Atomisasi tanpa nyala dilakukan dengan mengalirkan energi listrik pada batang
karbon   (CRA – Carbon Rod Atomizer) atau tabung karbon (GTA – Graphite
Tube Atomizer) yang mempunyai 2 elektroda. Sampel dimasukan ke dalam
CRA atau GTA. Arus listrik dialirkan sehingga batang atau tabung menjadi
panas (suhu naik menjadi tinggi) dan unsur yang dianalisa akan teratomisasi.
Suhu dapat diatur hingga 3000 ºC. pemanasan larutan sampel melalui tiga
tahapan yaitu :
 Tahap pengeringan (drying) untuk menguapkan pelarut
 Pengabuan (ashing), suhu furnace dinaikkan bertahap sampai terjadi
dekomposisi dan penguapan senyawa organik yang ada dalam sampel
sehingga diperoleh garam atau oksida logam
 Pengatoman (atomization)

3. Atomisasi dengan pembentukan senyawa hidrida

            Atomisasi dengan pembentukan senyawa hidrida dilakukan untuk unsur


As, Se, Sb yang mudah terurai apabila dipanaskan pada suhu lebih dari 800 ºC
sehingga atomisasi dilakukan dengan membentuk senyawa hibrida berbentuk
gas atau yang lebih terurai menjadi atom-atomnya melalui reaksi reduksi oleh
SnCl2 atau NaBH4, contohnya merkuri (Hg).
1.3. Monokromator

             Setelah radiasi resonansi dari lampu katoda berongga melalui populasi

atom di dalam nyala, energi radiasi ini sebagian diserap dan sebagian lagi
diteruskan.

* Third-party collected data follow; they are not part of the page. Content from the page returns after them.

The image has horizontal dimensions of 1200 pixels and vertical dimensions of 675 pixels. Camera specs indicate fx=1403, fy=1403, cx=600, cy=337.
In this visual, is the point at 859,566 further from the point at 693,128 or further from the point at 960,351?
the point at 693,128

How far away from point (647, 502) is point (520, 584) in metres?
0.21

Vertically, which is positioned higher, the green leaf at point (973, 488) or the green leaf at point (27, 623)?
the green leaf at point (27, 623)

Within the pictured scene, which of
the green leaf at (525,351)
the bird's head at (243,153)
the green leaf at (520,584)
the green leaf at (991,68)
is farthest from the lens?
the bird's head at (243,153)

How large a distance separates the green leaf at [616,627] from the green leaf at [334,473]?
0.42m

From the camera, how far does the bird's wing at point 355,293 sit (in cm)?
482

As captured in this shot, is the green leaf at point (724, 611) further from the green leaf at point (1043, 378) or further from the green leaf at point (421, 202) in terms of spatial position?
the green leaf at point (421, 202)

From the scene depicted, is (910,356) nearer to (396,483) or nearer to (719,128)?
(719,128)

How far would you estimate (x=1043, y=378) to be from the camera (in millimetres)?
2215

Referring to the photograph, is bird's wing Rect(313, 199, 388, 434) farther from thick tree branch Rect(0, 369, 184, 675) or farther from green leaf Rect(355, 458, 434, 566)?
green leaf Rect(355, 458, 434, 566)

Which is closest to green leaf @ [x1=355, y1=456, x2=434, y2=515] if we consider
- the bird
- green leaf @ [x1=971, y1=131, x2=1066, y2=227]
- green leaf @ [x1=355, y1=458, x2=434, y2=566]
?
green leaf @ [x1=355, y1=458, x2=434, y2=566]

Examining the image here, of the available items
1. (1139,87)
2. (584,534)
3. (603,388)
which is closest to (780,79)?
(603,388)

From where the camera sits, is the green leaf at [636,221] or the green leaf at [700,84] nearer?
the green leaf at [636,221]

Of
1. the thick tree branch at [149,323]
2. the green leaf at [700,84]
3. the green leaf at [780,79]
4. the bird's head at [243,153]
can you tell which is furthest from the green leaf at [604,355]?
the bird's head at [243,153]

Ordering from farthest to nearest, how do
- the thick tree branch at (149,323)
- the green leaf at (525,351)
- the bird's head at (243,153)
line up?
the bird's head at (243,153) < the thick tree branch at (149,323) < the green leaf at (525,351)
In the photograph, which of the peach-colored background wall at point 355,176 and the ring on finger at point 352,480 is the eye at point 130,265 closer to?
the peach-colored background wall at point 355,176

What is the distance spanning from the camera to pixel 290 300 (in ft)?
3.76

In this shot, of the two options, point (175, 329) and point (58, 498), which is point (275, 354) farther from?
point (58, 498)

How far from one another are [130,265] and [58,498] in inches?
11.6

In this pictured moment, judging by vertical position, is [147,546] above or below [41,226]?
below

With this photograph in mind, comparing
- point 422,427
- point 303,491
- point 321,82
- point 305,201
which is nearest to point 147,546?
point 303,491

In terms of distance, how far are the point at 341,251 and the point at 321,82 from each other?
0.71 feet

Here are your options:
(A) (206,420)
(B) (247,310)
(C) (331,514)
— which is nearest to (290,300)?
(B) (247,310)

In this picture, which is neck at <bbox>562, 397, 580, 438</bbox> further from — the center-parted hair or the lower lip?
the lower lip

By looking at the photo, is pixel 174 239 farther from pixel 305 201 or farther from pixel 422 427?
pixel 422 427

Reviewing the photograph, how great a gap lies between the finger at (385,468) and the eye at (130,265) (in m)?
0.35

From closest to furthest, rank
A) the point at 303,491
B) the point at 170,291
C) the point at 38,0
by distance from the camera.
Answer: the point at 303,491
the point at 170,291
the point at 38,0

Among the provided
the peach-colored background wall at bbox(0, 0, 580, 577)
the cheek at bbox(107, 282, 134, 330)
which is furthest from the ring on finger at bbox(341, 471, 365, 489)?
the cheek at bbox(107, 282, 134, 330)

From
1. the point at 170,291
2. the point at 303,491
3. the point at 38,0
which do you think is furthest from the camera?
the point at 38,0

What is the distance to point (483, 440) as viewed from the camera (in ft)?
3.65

Fraksi radiasi yang diteruskan dipisahkan dari radiasi lainnya.
Pemilihan atau pemisahan radiasi tersebut dilakukan oleh monokromator.
Monokromator berfungsi untuk memisahkan radiasi resonansi yang telah
mengalami absorpsi tersebut dari radiasi-radiasi lainnya. Radiasi lainnya berasal
dari lampu katoda berongga, gas pengisi lampu katoda berongga atau logam
pengotor dalam lampu katoda berongga.

Monokromator pada AAS memiliki fungsi yang sama seperti pada


spektrofotometer biasa, yakni untuk mengubah sinar polikromatis menjadi sinar
monokromatis. Sinar yang ditransmisikan dari penyerapan oleh atom akan
melalui monokromator, lalu dipecah menjadi sinar monokromatis.
Monokromator terdiri atas sistem optik yaitu celah, cermin dan prisma.    

Lensa/Cermin Lensa/Cermin

1.4. Detektor
Celah masuk Celah keluar
Detektor dalam AAS berfungsi untuk mengubah sinar yang ditransmisikan
menjadi bentuk sinyal listrik, sinyal listrik ini akan dibaca sebagai absorbans.
Detektor yang digunakan dalam AAS biasanya merupakan detektor
Photomultiplier tube yang lebih peka dari pada phototube dan responnya
sangat cepat (10-3 detik)
Bagan phototube

Ada dua macam detektor sebagai berikut:


 Detector Cahaya atau Detector Foton
Detector foton bekerja berdasarkan efek fotolistrik, dalam hal ini setiap
foton akan membebaskan elektron (satu foton satu elektron) dari bahan
yang sensitif terhadap cahaya. Bahan foton dapat berupa Si/Ga, Ga/As,
Cs/Na.

 Detector Infra Merah dan Detector Panas


Detector infra merah yang lazim adalah termokopel. Efek termolistrik akan
timbul jika dua logam yang memiliki temperatur berbeda disambung jadi
satu.

1.5. Pencatat/Readout

Sinyal listrik yang keluar dari detektor diterima oleh piranti yang dapat
menggambarkan secara otomatis kurva absorpsi.